Ha corrido menos, pero es tanto o más alarmante la noticia, las noticias, de varios ataques a centros donde residían lo que se conoce como Menas, es decir, menores de edad no acompañados, es decir, niños. Niños extranjeros, racializados, sin familia, solos.

Unos 25 individuos encapuchados entraron a la fuerza en el centro, rompieron parte del mobiliario y lanzaron piedras contra los menores y los educadores, que se vieron obligados a encerrarse para no resultar heridos.

No sé si duele más imaginarse el miedo de los chavales y los educadores que cuidaban de ellos ante la llegada de un puñado de encapuchados violentos o lo que significa que 25 personas se pongan de acuerdo para hacer algo así. Que lo piensen, lo hablen, queden, busquen las prendas con las que se van a tapar la cara, busquen las armas que van a utilizar, se lleguen hasta el centro y lo hagan. Sintiendo que tienen derecho, que están impartiendo alguna clase perversa de justicia, que pueden resultar impunes de ello.

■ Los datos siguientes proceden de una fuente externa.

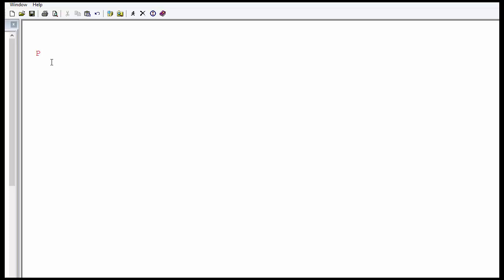Let's get started. PROC IML. This is the first thing you need to write. I will create a matrix A and I will assign it as 2. And then I will print what is there in the matrix. And then I will quit. This is the basic syntax of PROC IML.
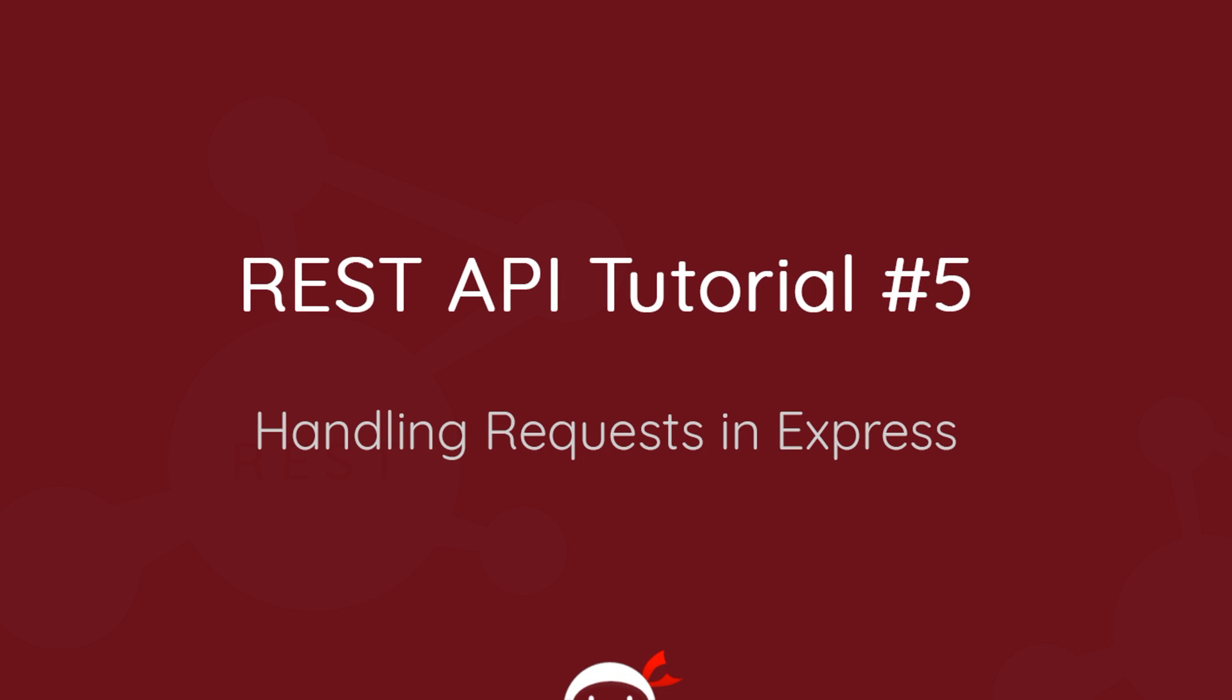Yo what's happening guys, welcome to your fifth REST API tutorial and in this video we're going to talk about how to handle requests in Express.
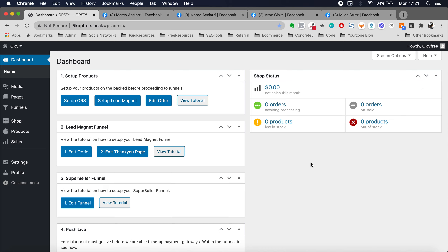All right, gang. In this lesson, in this training, what we're going to do is I'm going to show you how to use our ORS to start generating leads and selling your products. So let's get started.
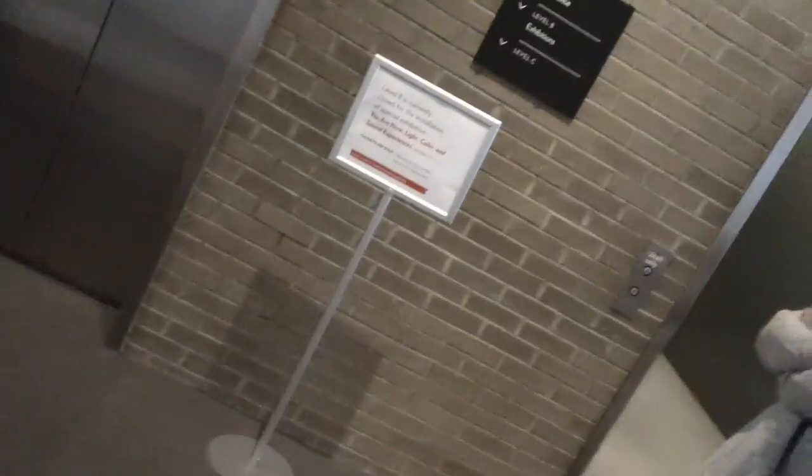This is the elevator at the North Carolina Museum of Art. The security is going to see us!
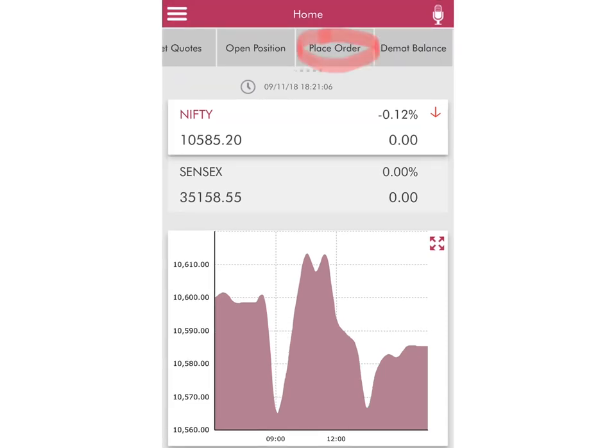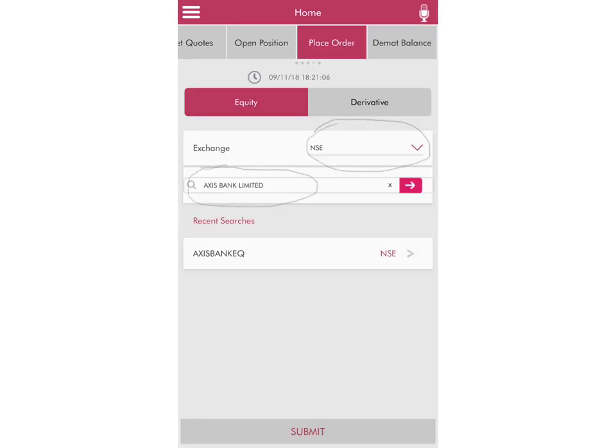On the top of the screen you will have the Place Order option — I've highlighted it as you can see. You need to click on this to start with.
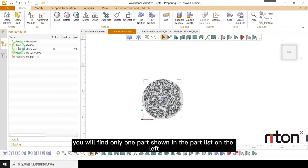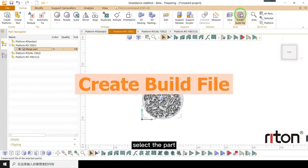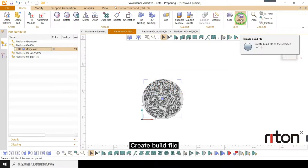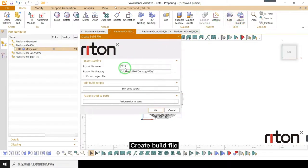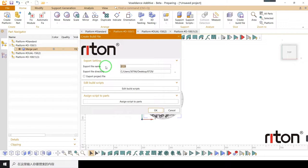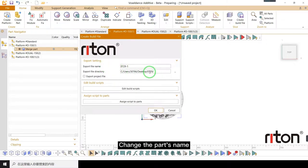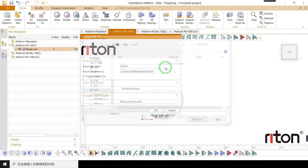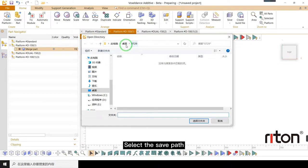You will find only one part shown in the part list on the left. Select the part, create build file. Change the parts name, select the save path.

Que luego volvieron a aparecer en la manifestación de repulsa por el ataque y se enfrentaron a gritos con las personas que protestaban. Que valientes las niñas que siguieron leyendo el comunicado frente a estos energúmenos fascistas, aún con las lágrimas rodándoles por las mejillas.

Otra vez la deshumanización, la división del mundo entre ellos y nosotros, la banalización del mal. Otra vez el fascismo.